# SimpleSim Non-Holonomic Navigation Challenge

This notebook runs a comparison of learning algorithms, by training PPO and DQN models.

## Install Dependencies and Stable Baselines3 Using Pip

In [1]:
# !pip install "stable-baselines3[extra]>=2.0.0a4"

### Setup Tensorboard Logging

In [2]:
# # Clear any logs from previous runs
# !rm -rf ./logs/

# Load the TensorBoard notebook extension
%load_ext tensorboard

##  Custom Gym Envs

Below are a couple of simpler lower order gridworld type gym environments that can be used as testing and debugging examples ,as well as our main SimpleSIm non-holonomic driving environment (which is imported from the seperate source files env.py and env_gym.py)

In [3]:
import numpy as np
import gymnasium as gym
from gymnasium import spaces

# Import our main environment
from env_gym import SimpleSimGym

### Validate the environment

Stable Baselines3 provides a [helper](https://stable-baselines3.readthedocs.io/en/master/common/env_checker.html) to check that your environment follows the Gym interface.
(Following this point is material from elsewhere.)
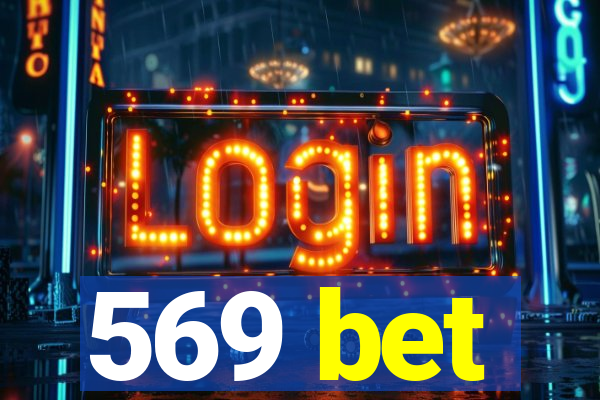 569 bet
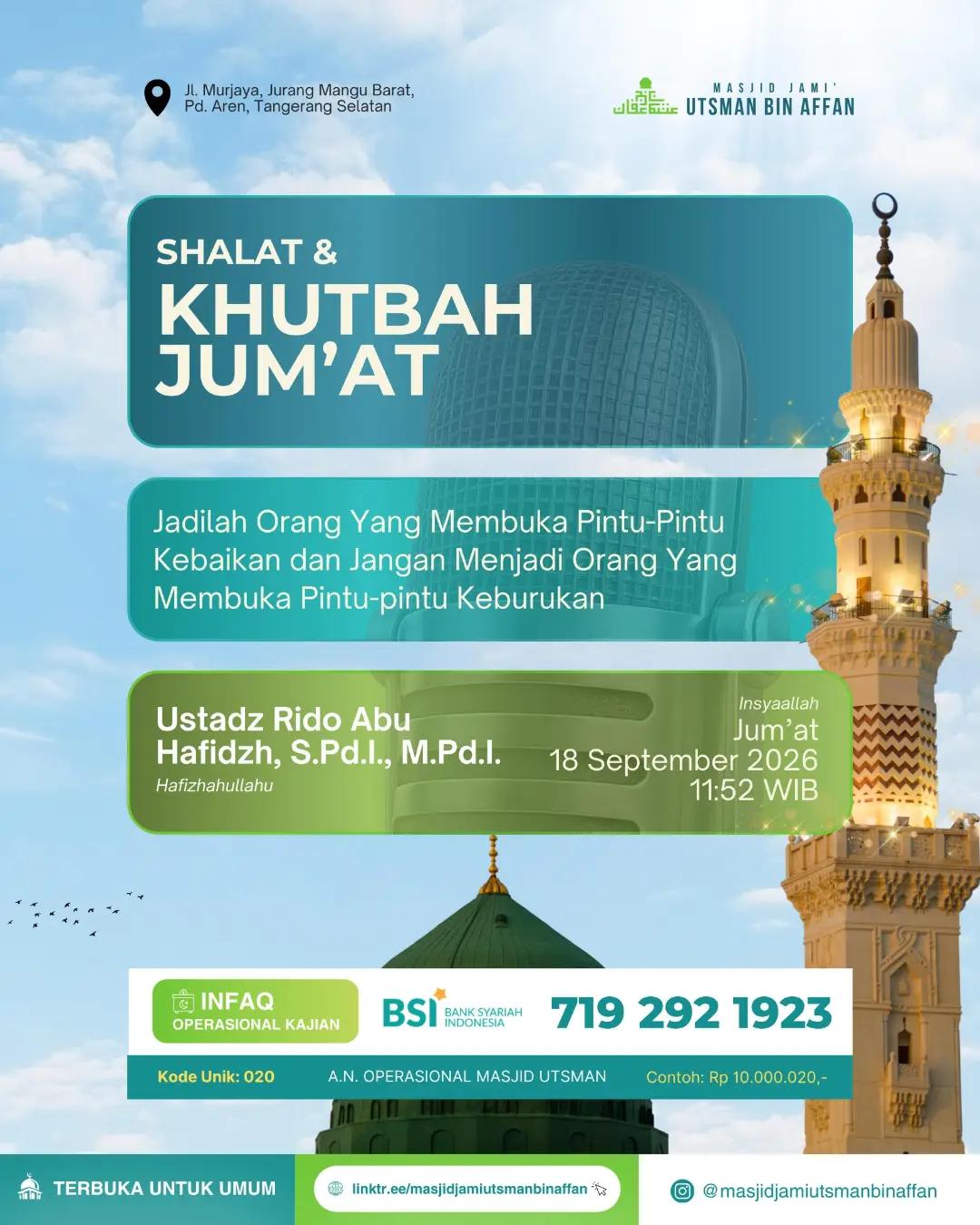Shalat Jum'at: Jadilah Orang Yang Membuka Pintu-Pintu Kebaikan dan Jangan Menjadi Orang Yang Membuka Pintu-Pintu Keburukan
It also optionally checks that the environment is compatible with Stable-Baselines (and emits warning if necessary).

In [4]:
from stable_baselines3.common.env_checker import check_env

env = SimpleSimGym(max_budget=500, max_targets=3, num_classes=10, player_fov=60)
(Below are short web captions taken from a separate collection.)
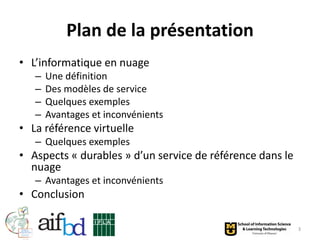 Plan de la présentation
• L’informatique en nuage
   –   Une définition
   –   Des modèles de service
   –   Quelques exemples
   –   Avantages et inconvénients
• La référence virtuelle
   – Quelques exemples
• Aspects « durables » d’un service de référence dans le
  nuage
   – Avantages et inconvénients
• Conclusion

                                                           3
 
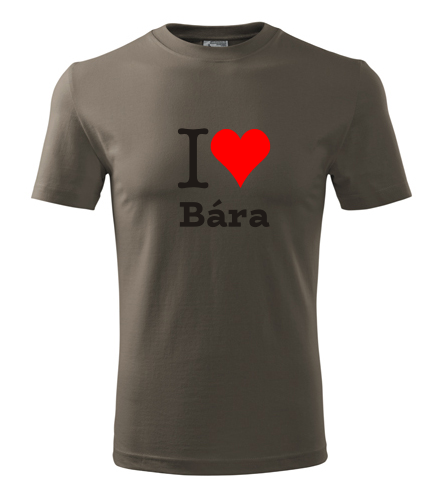 Army tričko I love Bára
# If the environment don't follow the interface, an error will be thrown
check_env(env, warn=True)

Environment seed: 283


## Import Auto Saving of Best Model Callback

In [5]:
from utils import SaveOnBestTrainingRewardCallback

## Train The Model

In [6]:
from stable_baselines3 import PPO, SAC, DQN
from stable_baselines3.common.env_util import make_vec_env
import os

# Environment Parameters
MAX_BUDGET = 400
MAX_TARGETS = 5
NUM_CLASSES = 10
PLAYER_FOV = 30
RENDER_MODE = "rgb_array"
ACTION_FORMAT = "continuous"

config = {
    "policy": 'MlpPolicy',
    "total_timesteps": 4_000_000,
    "logdir": "logs/",
    "savedir": "saved_models/",
}

# Create log dir
os.makedirs(config["logdir"], exist_ok=True)

# Create save dir
os.makedirs(config["savedir"], exist_ok=True)

# Show Tensorboard Logs
Visualise the live logs on tensorboard as we train

In [7]:
# Open Tensorboard Logging
%tensorboard --logdir logs/ --reload_interval 30 --port=6008

ERROR: Failed to launch TensorBoard (exited with 1).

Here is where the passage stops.